Mountain in British Columbia, Canada

Macleod Peak is a 2176 m mountain summit located in the Canadian Cascades of British Columbia, Canada.

==Description==
Macleod Peak is the third-highest summit of Manson Ridge which is a subrange of the Hozameen Range. It is situated 17 km southeast of Hope and 2.2 km west of Mount Hatfield which is the nearest higher neighbor. Precipitation runoff from the peak drains into Eight Mile and Eleven Mile creeks which are both tributaries of the Nicolum River. Topographic relief is significant as the summit rises 1,000 metres (3,280 feet) above Eleven Mile Creek in 1.5 kilometre (0.93 mile).

The mountain's toponym was officially adopted on April 7, 1955, by the Geographical Names Board of Canada. The mountain's name honors Royal Canadian Air Force Pilot Officer Alexander Harvey Macleod, from Sardis, who was killed in WWII action during air operations over Europe on October 15, 1944, at age 22.

==Geology==

The North Cascades features some of the most rugged topography in the Cascade Range with craggy peaks, ridges, and deep glacial valleys. Geological events occurring many years ago created the diverse topography and drastic elevation changes over the Cascade Range leading to the various climate differences. These climate differences lead to vegetation variety defining the ecoregions in this area.

The history of the formation of the Cascade Mountains dates back millions of years ago to the late Eocene Epoch. With the North American Plate overriding the Pacific Plate, episodes of volcanic igneous activity persisted. In addition, small fragments of the oceanic and continental lithosphere called terranes created the North Cascades about 50 million years ago.

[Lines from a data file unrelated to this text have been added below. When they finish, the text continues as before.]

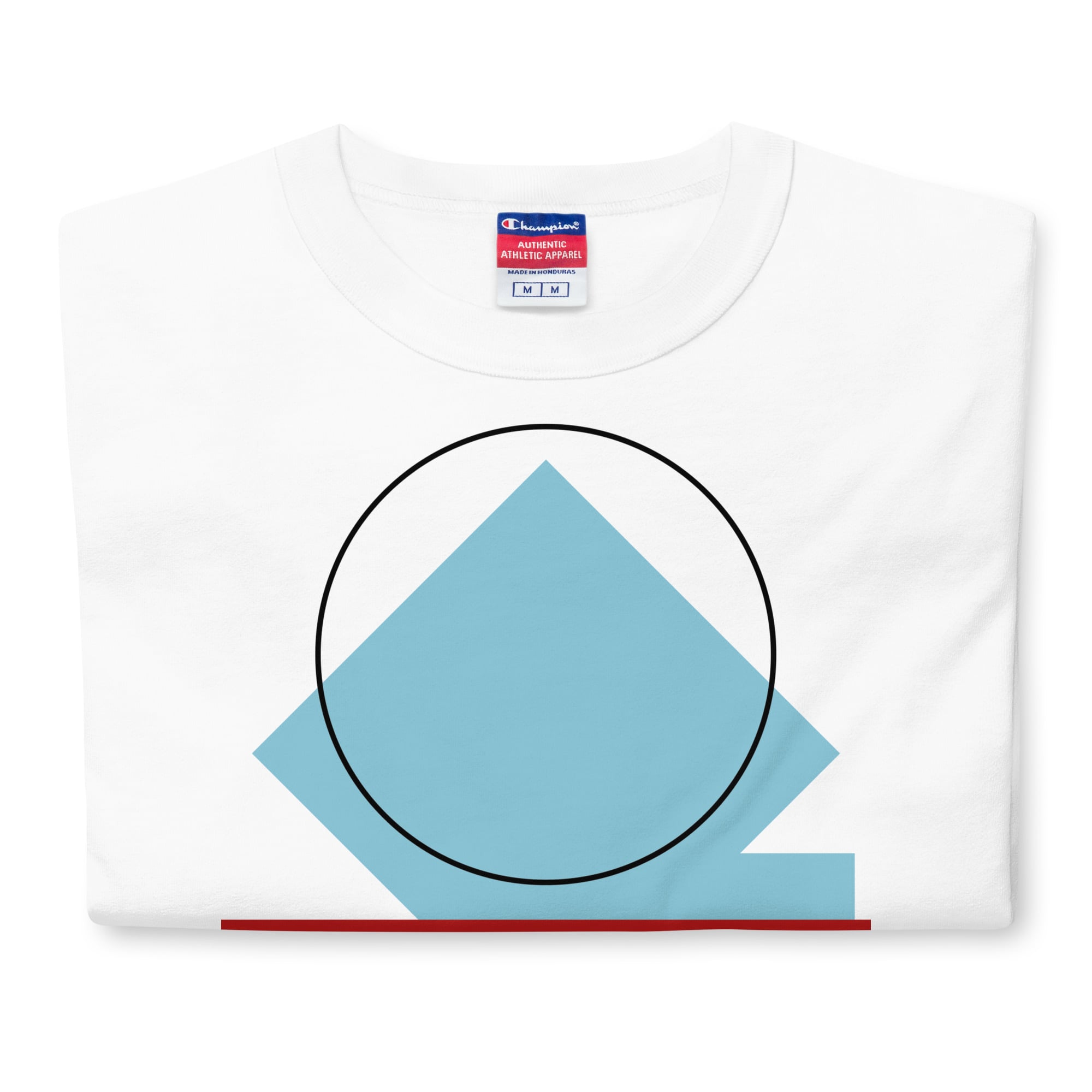 mens champion t shirt white front 6993af693193c jpg mens champion t shirt white front 6993af693193c jpg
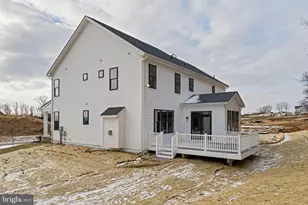 151 Lexington Mnr, Glenmoore, PA 19343 - Photo 33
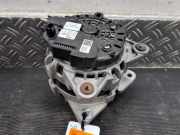 Lichtmaschine Renault Captur II HF 231007769R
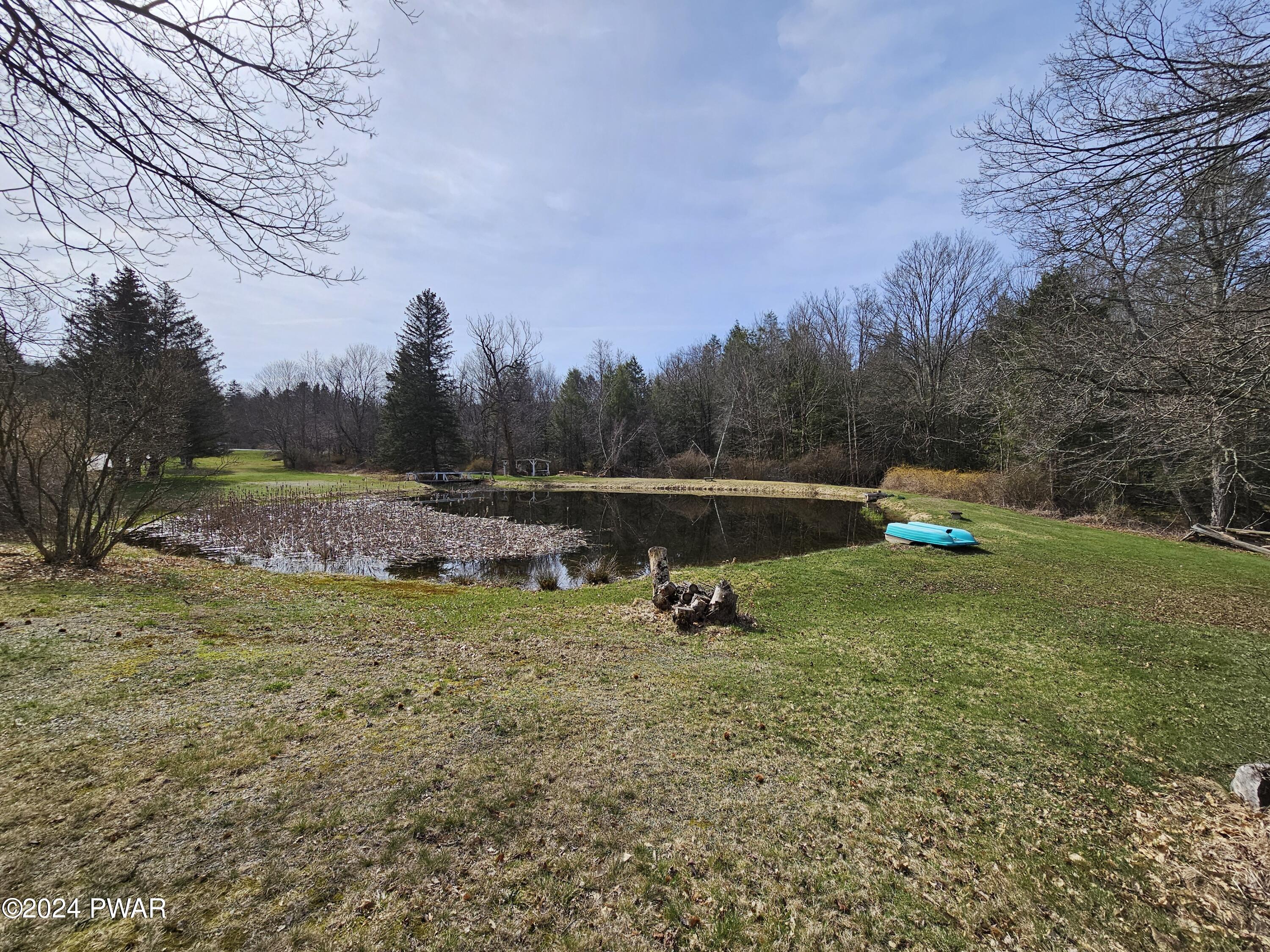 305 E Sterling Road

During the Pleistocene period dating back over two million years ago, glaciation advancing and retreating repeatedly scoured the landscape leaving deposits of rock debris. The U-shaped cross sections of the river valleys are a result of recent glaciation. Uplift and faulting in combination with glaciation have been the dominant processes which have created the tall peaks and deep valleys of the North Cascades area.

==Climate==

Most weather fronts originate in the Pacific Ocean, and travel east toward the Cascade Mountains. As fronts approach the North Cascades, they are forced upward by the peaks of the Cascade Range, causing them to drop their moisture in the form of rain or snowfall (orographic lift). As a result, the west side of the North Cascades experiences higher precipitation than the east side. During winter months, weather is usually cloudy, but due to high pressure systems over the Pacific Ocean that intensify during summer months, there is often little or no cloud cover during the summer. As a result, the Cascade Mountains experience high precipitation, especially during the winter months in the form of snowfall. Winter temperatures can drop below −10 °C with wind chill factors below −20 °C. The months of July through September offer the most favorable weather for viewing and climbing Macleod Peak.